With current implementation I could not pass Windows path (e.g. C:\a\b\c) to Marshaller constructor because of assert(RemoteIndexRoot == llvm::sys::path::convert_to_slash(RemoteIndexRoot));, because on Windows llvm::sys::path::convert_to_slash(RemoteIndexRoot) converts C:\a\b\c to C:/a/b/c

Another problem is that Windows URI paths are not supported without this patch (e.g. URI=file:///X:/path => Body=/X:/path, and /X:/path does not start with X:\path)

The third problem, that without conversion local Windows paths to native slashes, mixed-slash paths appears at path::append() calls and we again face the problem when some paths does not start with given prefix (but it should)

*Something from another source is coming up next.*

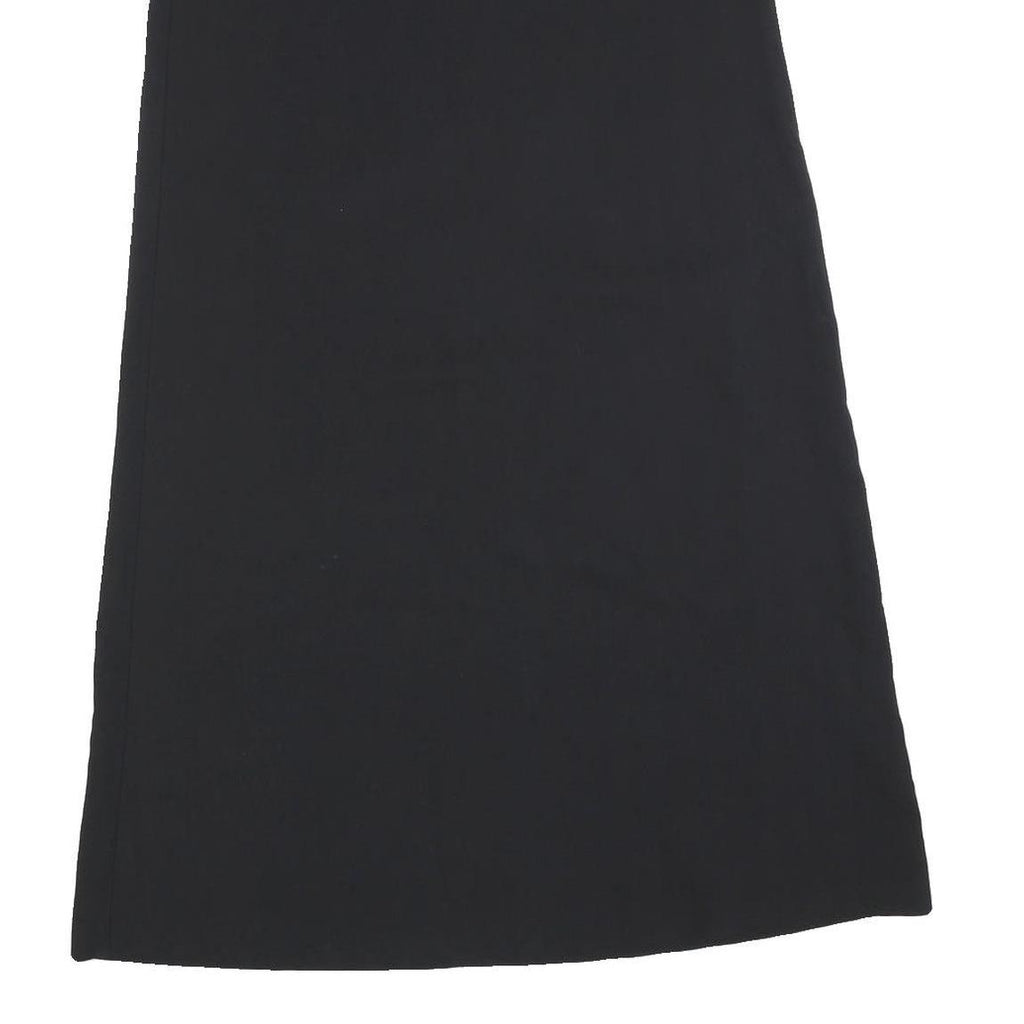 KAPPAHI Womens Black Straight Knee Length Polyester Blend Skirt M Classic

I can understand what you're trying to do but the patch introduces the behaviour which is unintended as of right now. The convention is to use POSIX paths everywhere in the Marshalling code since the end result will be a URI anyway. The patch changes it to Windows slashes which is orthogonal to this direction.

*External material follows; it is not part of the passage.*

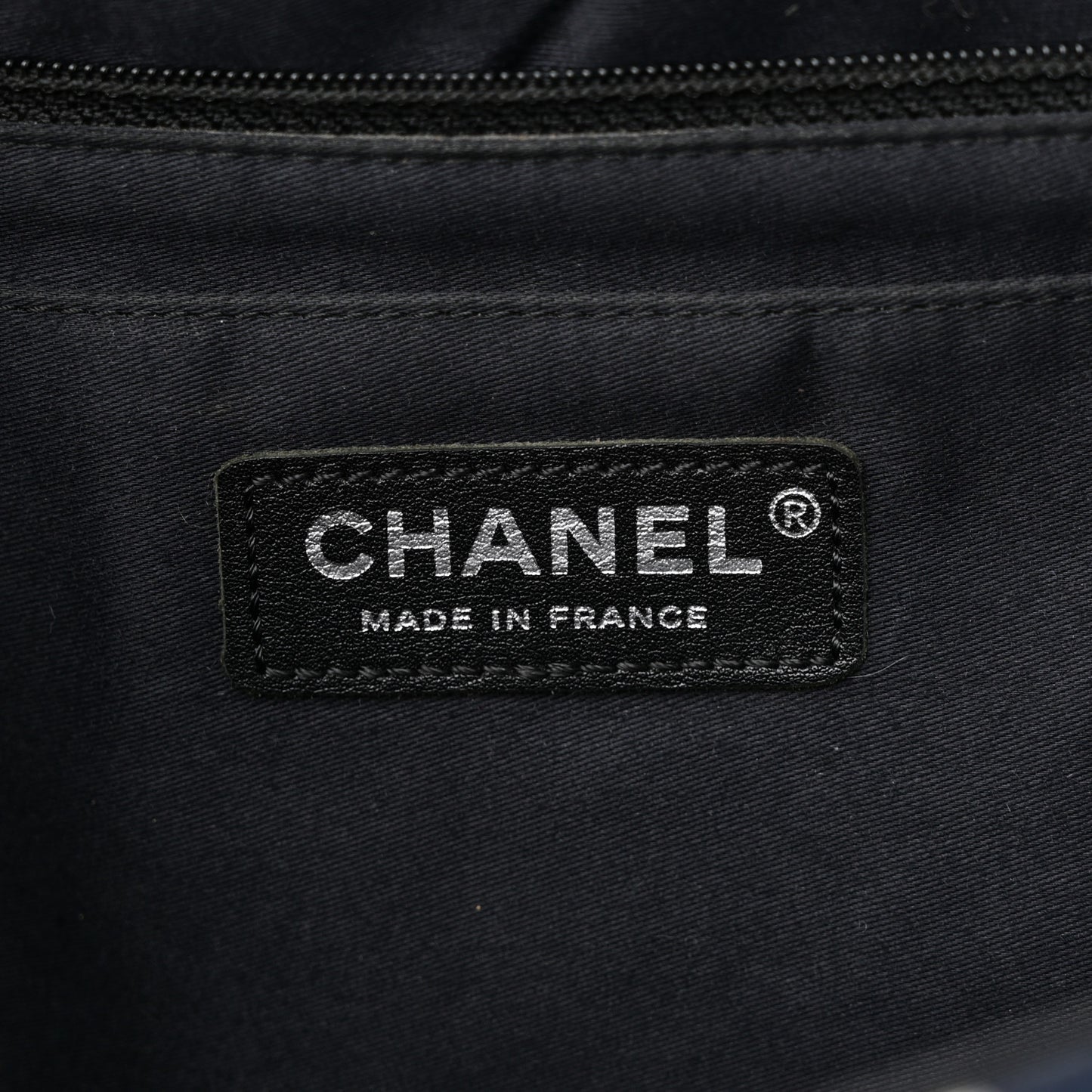 Denim Tweed Patchwork Jumbo Single Flap Blue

Idea is to use native slashes (Windows slashes on Windows) *for local paths only* and UNIX slashes inside the wire.

Just to clarify why I changed llvm::sys::path::convert_to_slash(Result, llvm::sys::path::Style::posix) to llvm::sys::path::convert_to_slash(Result, llvm::sys::path::Style::windows):

  • llvm::sys::path::convert_to_slash(Result, llvm::sys::path::Style::posix) no-op on any platform and does nothing with '\' in Windows paths.
  • llvm::sys::path::convert_to_slash(Result, llvm::sys::path::Style::windows) replaces '\' with '/' on any platform.

Logs:

D:\work\llvm-project\build>ninja check-clangd
[6/7] Running the Clangd regression tests
llvm-lit.py: D:\work\llvm-project\build\bin\..\..\llvm\utils\lit\lit\llvm\config.py:347: note: using clang: d:\work\llvm-project\build\bin\clang.exe
-- Testing: 905 tests, 8 workers --
Testing:  0.. 10.. 20.. 30.. 40.. 50.. 60.. 70
FAIL: Clangd Unit Tests :: ./ClangdTests.exe/RemoteMarshallingTest.IncludeHeaderURIs (665 of 905)
******************** TEST 'Clangd Unit Tests :: ./ClangdTests.exe/RemoteMarshallingTest.IncludeHeaderURIs' FAILED ********************
Note: Google Test filter = RemoteMarshallingTest.IncludeHeaderURIs
[==========] Running 1 test from 1 test case.
[----------] Global test environment set-up.
[----------] 1 test from RemoteMarshallingTest
[ RUN      ] RemoteMarshallingTest.IncludeHeaderURIs
D:\work\llvm-project\clang-tools-extra\clangd\unittests\remote\MarshallingTests.cpp(256): error: Value of: bool(Serialized)
  Actual: false
Expected: true
[  FAILED  ] RemoteMarshallingTest.IncludeHeaderURIs (1 ms)
[----------] 1 test from RemoteMarshallingTest (1 ms total)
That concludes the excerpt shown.